I-Kiribati communities historically valued objects only so long as they were useful, according to Fighting Fibres. So once combat ceased, armor production wound down dramatically. “There are no more wars in Kiribati, between Kiribati warriors,” Ataniberu says. “So, there are hardly any more Kiribati interested in the making of it.” Many families likely felt little compunction about trading pieces away, or even crafting new armor for commercial rather than ritual purposes. Kiribati’s last traditional armor maker created two final sets, each with a te barantauti, in the 1950s. They now reside in the nation’s cultural center, Te Umwanibong.
But over the last four decades, since Kiribati gained its independence from the United Kingdom in 1979, the armor has taken on a new meaning—as a potent symbol of local culture. It features on tourist trinkets, but also stamps and school mascots. “The armor is not just a garment to me,” says Ataniberu. “It is a piece of art, a craft.”
In 2016, the Kiribati-descended artist Chris Chateris, I-Kiribati weaver Kaetaeta Watson, and New Zealand traditional weaver Lizzy Leckie met Ali Clark, then a researcher working with Kiribati artifacts at Cambridge University’s Museum of Archaeology and Anthropology—and later one of the coauthors of Fighting Fibres. Inspired by the trio’s work on Tungaru: The Kiribati Project, an artistic initiative exploring traditional crafts and refracting them through a modern perspective, Clark proposed a project that’d bring armor pieces deracinated and locked away in Western museums back into conversation with modern I-Kiribati culture: The artists would get up close and personal with artifacts in the United Kingdom, New Zealand, and Germany, reverse-engineer how they were made, and then develop a new, modern suit of armor.

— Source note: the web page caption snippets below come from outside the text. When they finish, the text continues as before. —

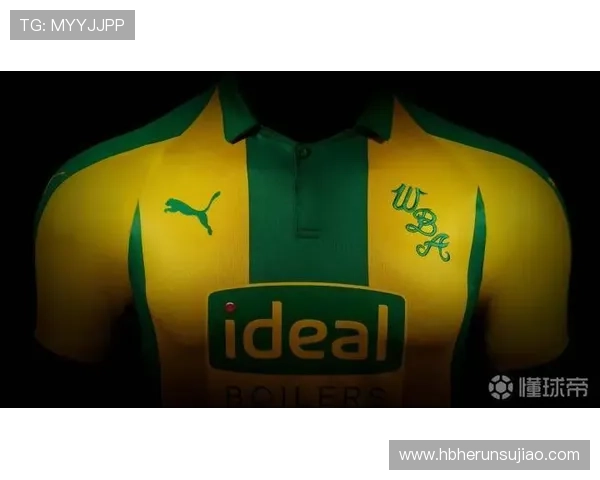 深度解读西布罗姆维奇俱乐部的历史文化与未来发展方向 深度解读西布罗姆维奇俱乐部的历史文化与未来发展方向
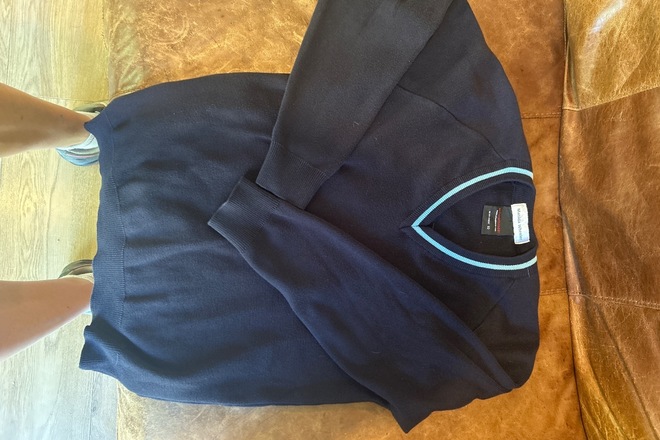 Blue v neck 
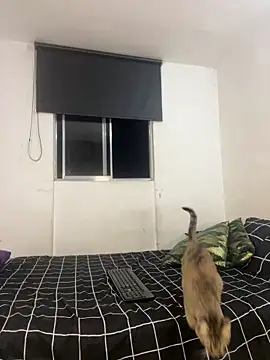 Snapshot of itselladoll chatting on February 22, 2026, 7:55 am itselladoll online show from February 22, 2026, 7:55 am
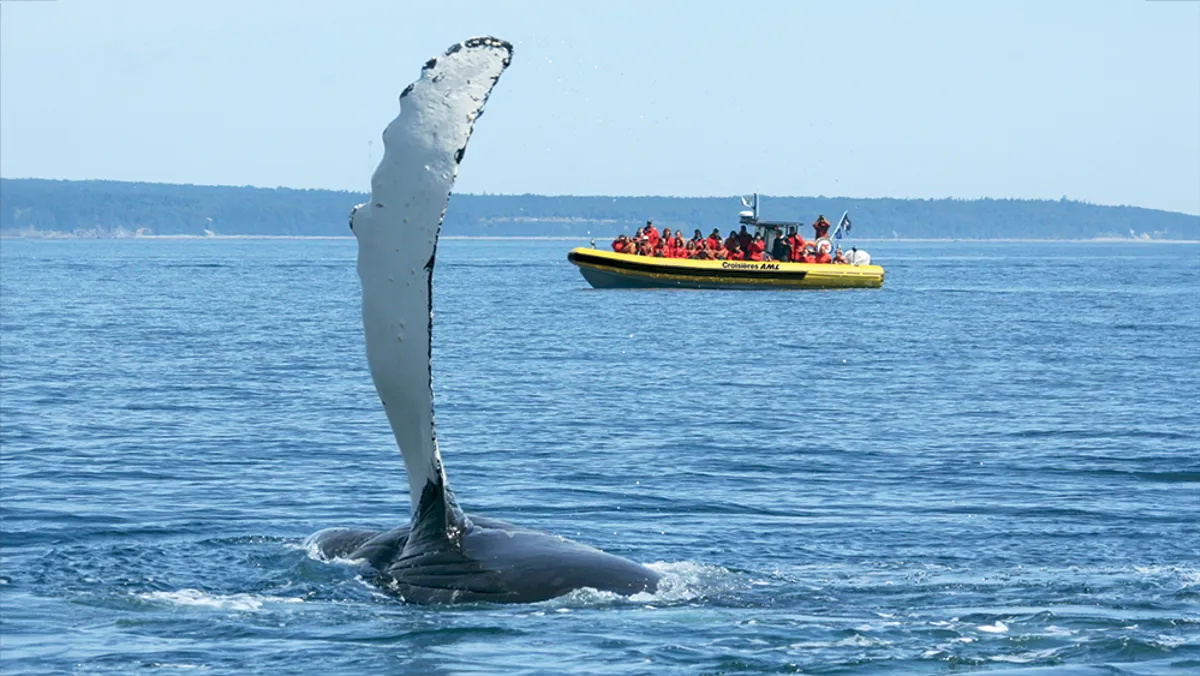 Observation des baleines en zodiac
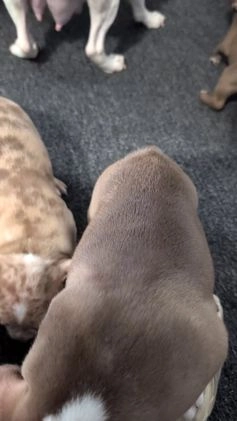 Frenchton dogs for sale: Lyla  - Video 3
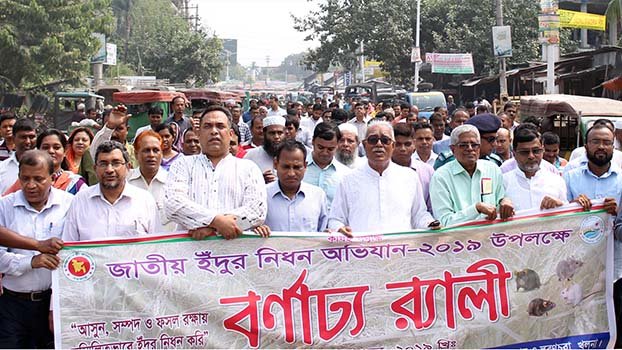 Rat spreads 60 types of diseases: KCC Mayor   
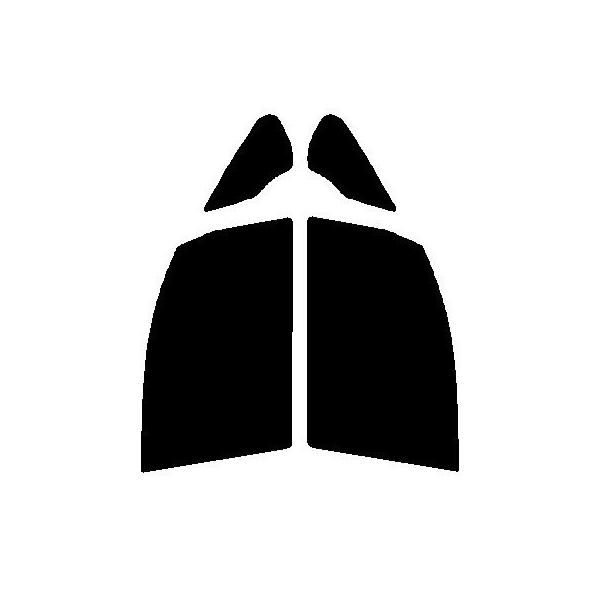 Xpb^Vo[@^]ȁEȁ@g^@GXN@CA@ZRR80GEZRR85GEZWR80G@Jbgς݃J[tB@n[hR[g@s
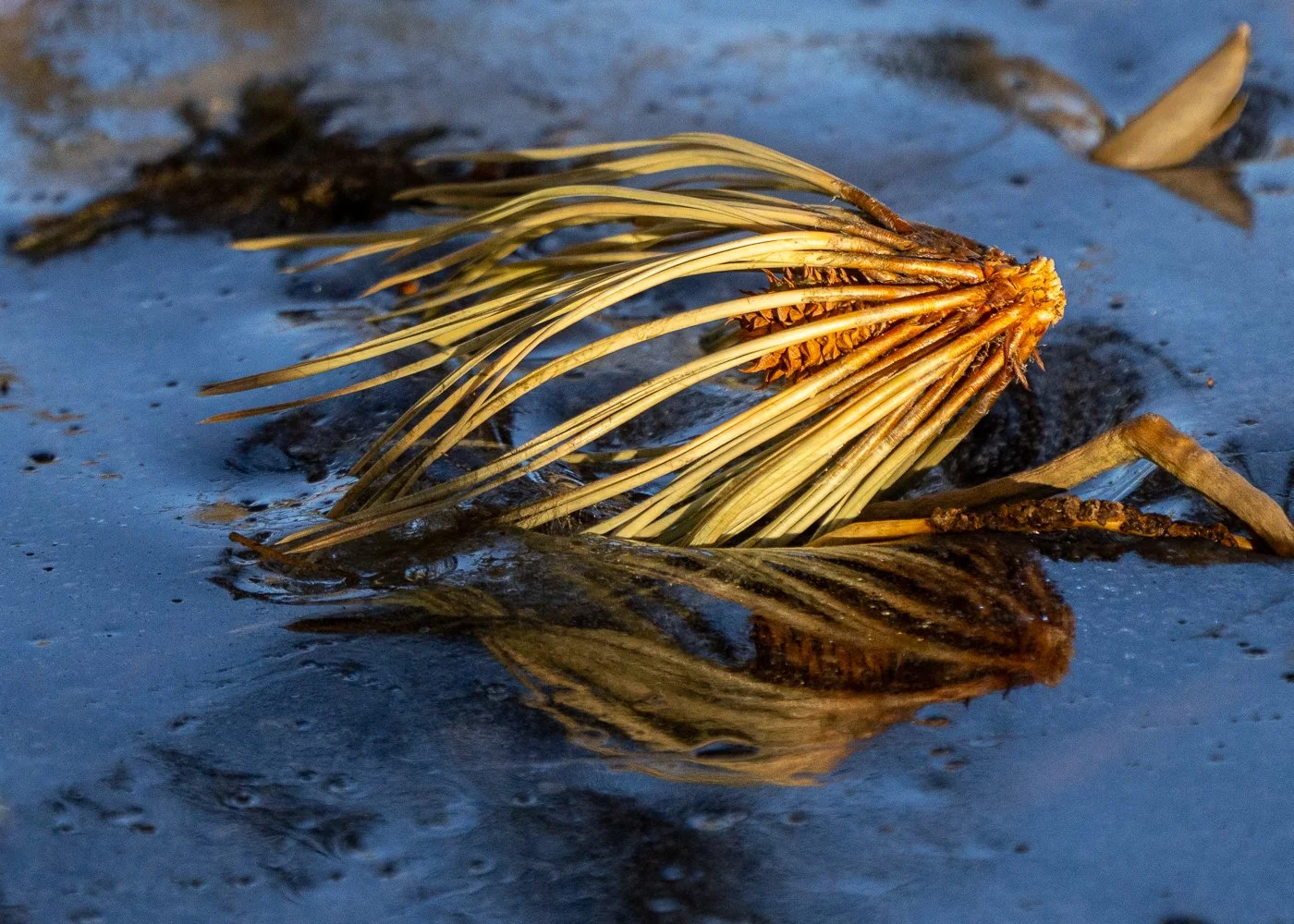 Frozen Reflection: Pine Cone and Needles in Winter Ice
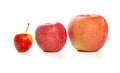 Small and medicum and big size apples on a white background Royalty Free Stock Photo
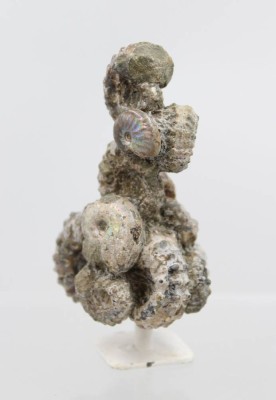 Auktion 369<br>Gruppe versteinerter Ammoniten auf Stand, ca. H-10cm [1]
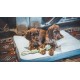 Aime Braided Dog Toy - Diameter 35 cm Aime Braided Dog Toy - Diameter 35 cm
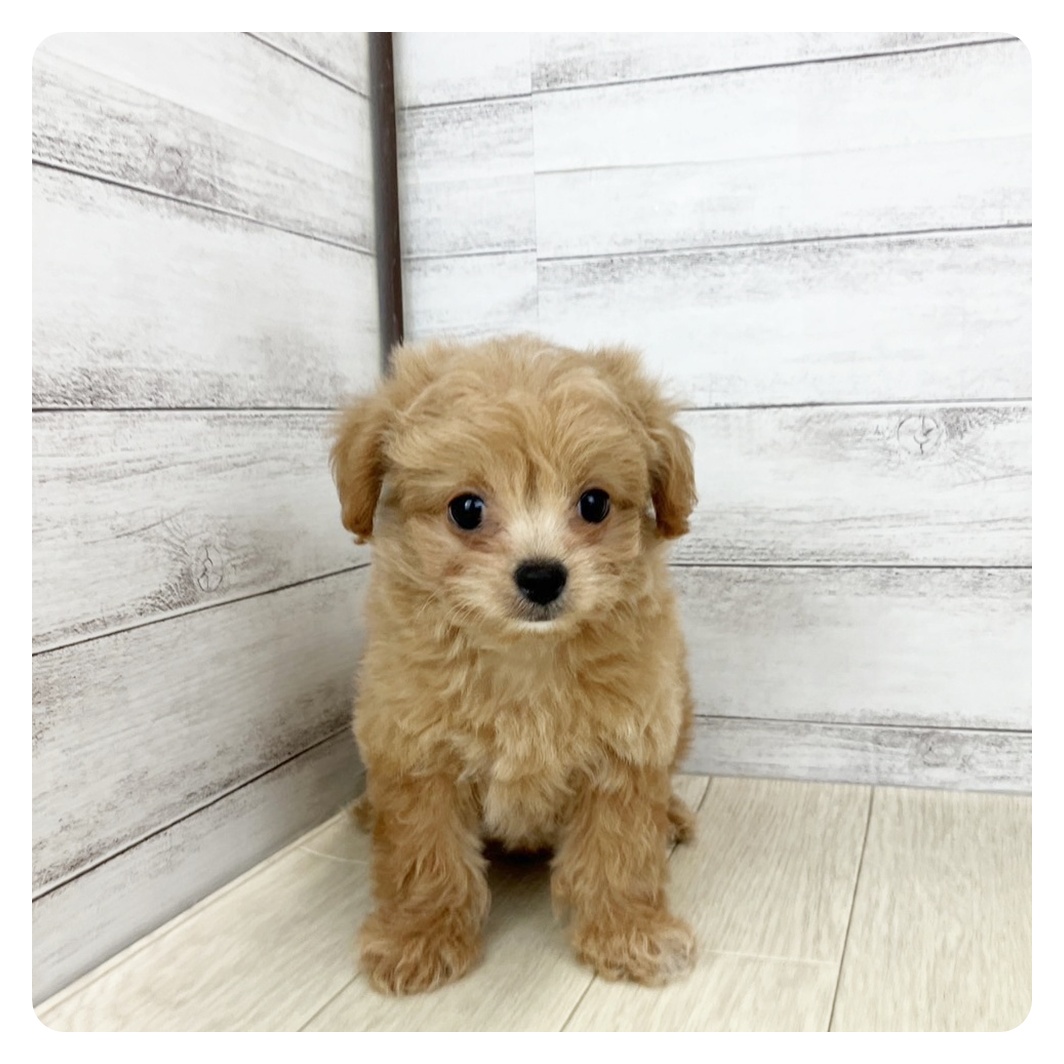 岡山県のチワプー/プーチー(チワワ×プードル) (犬の家&猫の里倉敷店/2025年7月15日生まれ/男の子/アプリコットホワイト)の子犬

The result was Kautan Rabakau (Awakening the Knowledge), a panoply that reflects modern Kiribati. Instead of coconut fibers, the artists, alongside Ataniberu and other I-Kiribati artisans, used polyethylene twine from fishing nets and sisal baling twine and manila rope used on local boats. They still made their te barantauti, however, out of a puffer fish, the old-fashioned way.
“Making the armor was like taking part in giving life back to a dying culture,” says Ataniberu. “It is kind of emotional … It makes me think, sometimes, about our long-gone ancestors who used it.
“I feel proud to be part of the resurrection of this art and craft.”